Data provided Block Start

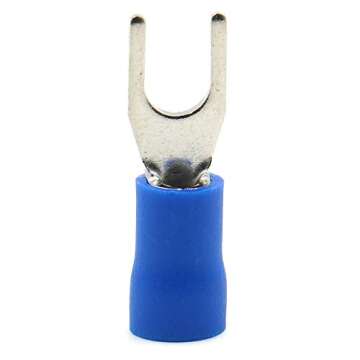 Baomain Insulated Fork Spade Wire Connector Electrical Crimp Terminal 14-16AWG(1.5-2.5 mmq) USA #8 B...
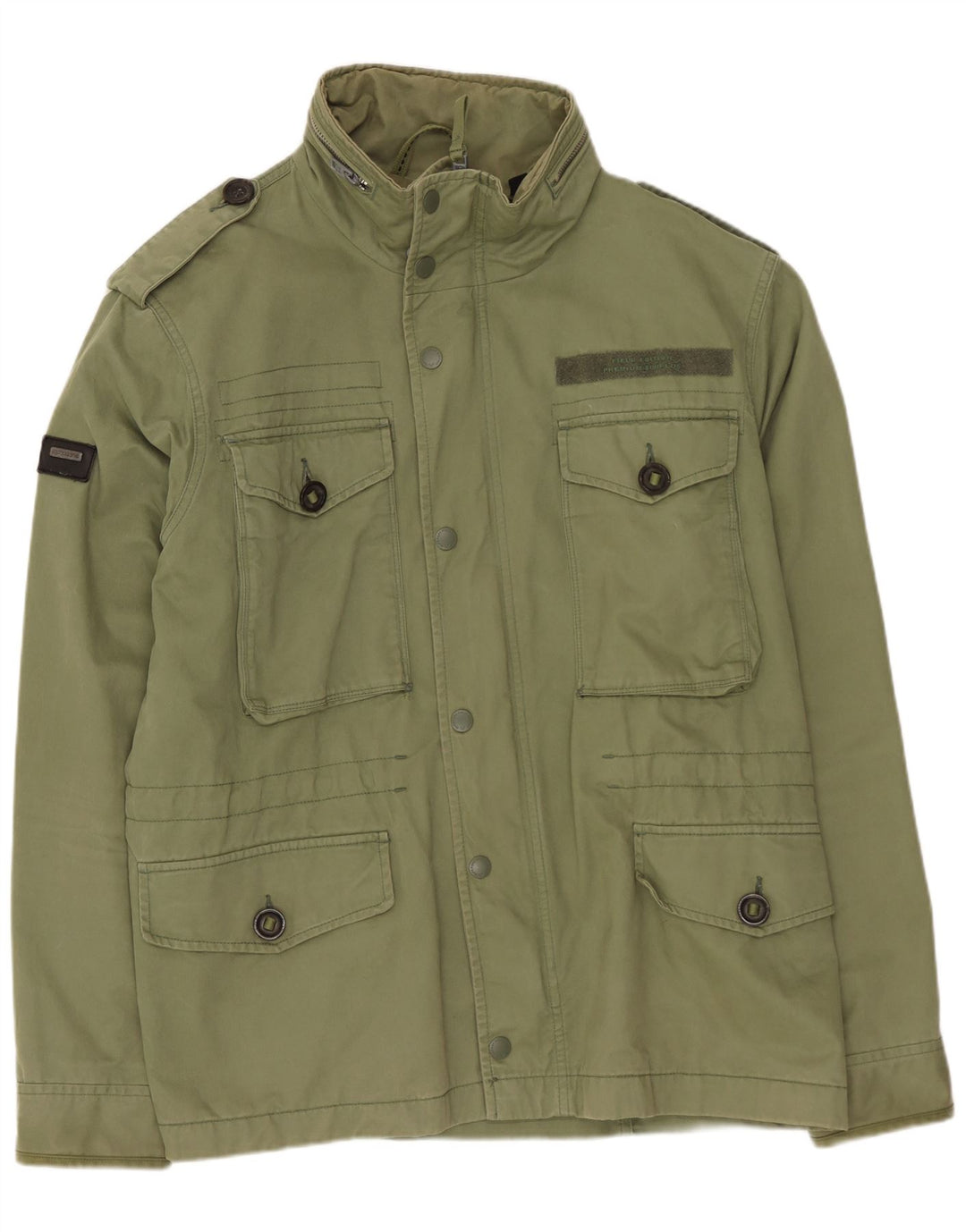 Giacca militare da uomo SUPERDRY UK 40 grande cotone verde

Data provided Block End
Data provided Block Start

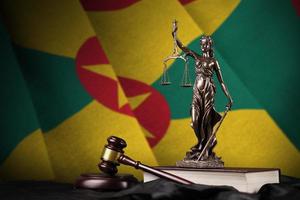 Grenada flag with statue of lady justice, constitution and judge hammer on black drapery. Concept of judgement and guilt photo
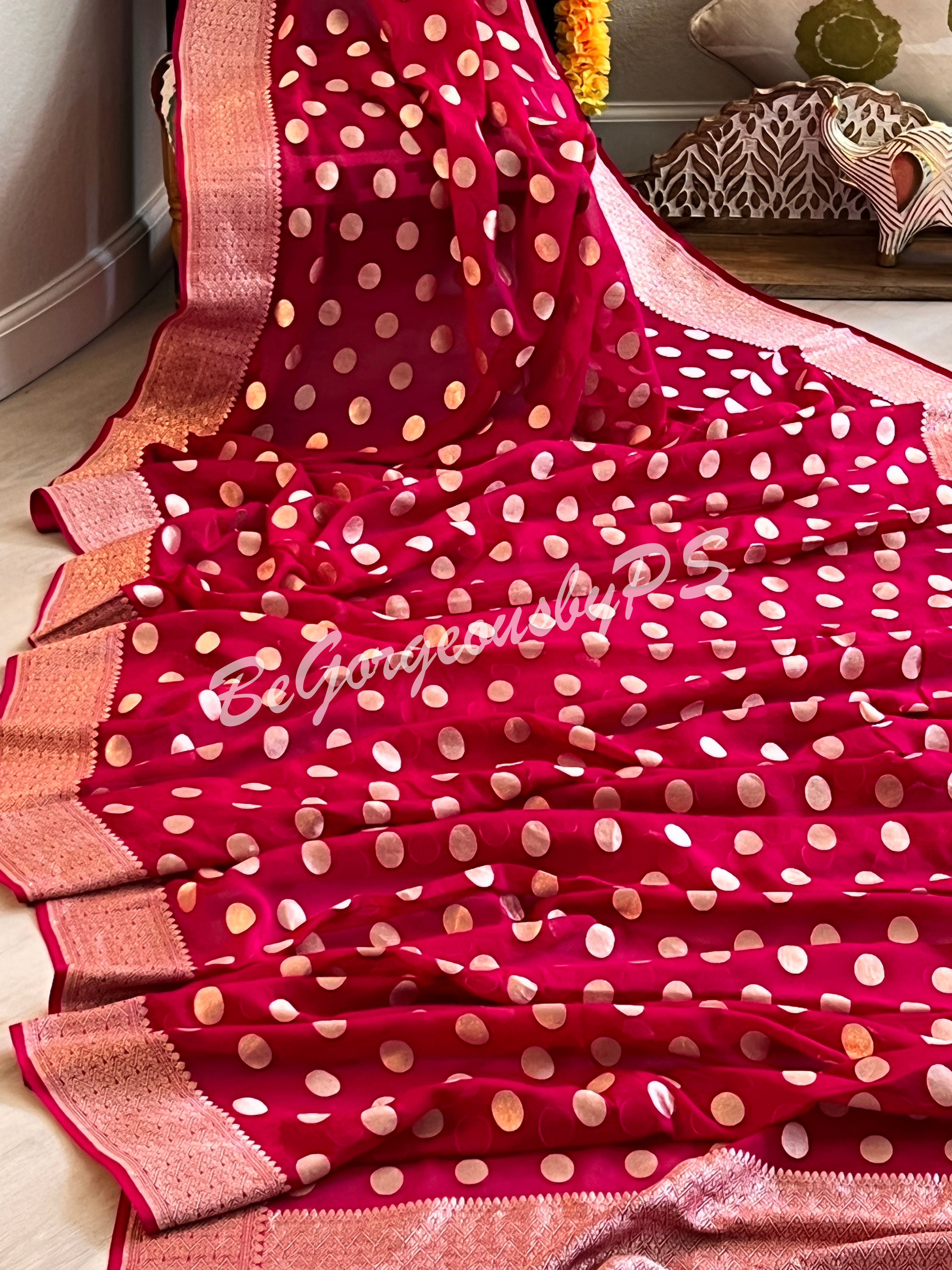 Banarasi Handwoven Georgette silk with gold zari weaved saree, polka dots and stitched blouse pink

Data provided Block End

Prompt:
Beginning at the line that has "Baomain Insulated Fork" and ending at the line that has "Giacca militare da", restate the listing above word for word, pictures left out.

Completed exercise:
 Baomain Insulated Fork Spade Wire Connector Electrical Crimp Terminal 14-16AWG(1.5-2.5 mmq) USA #8 B...
 Giacca militare da uomo SUPERDRY UK 40 grande cotone verde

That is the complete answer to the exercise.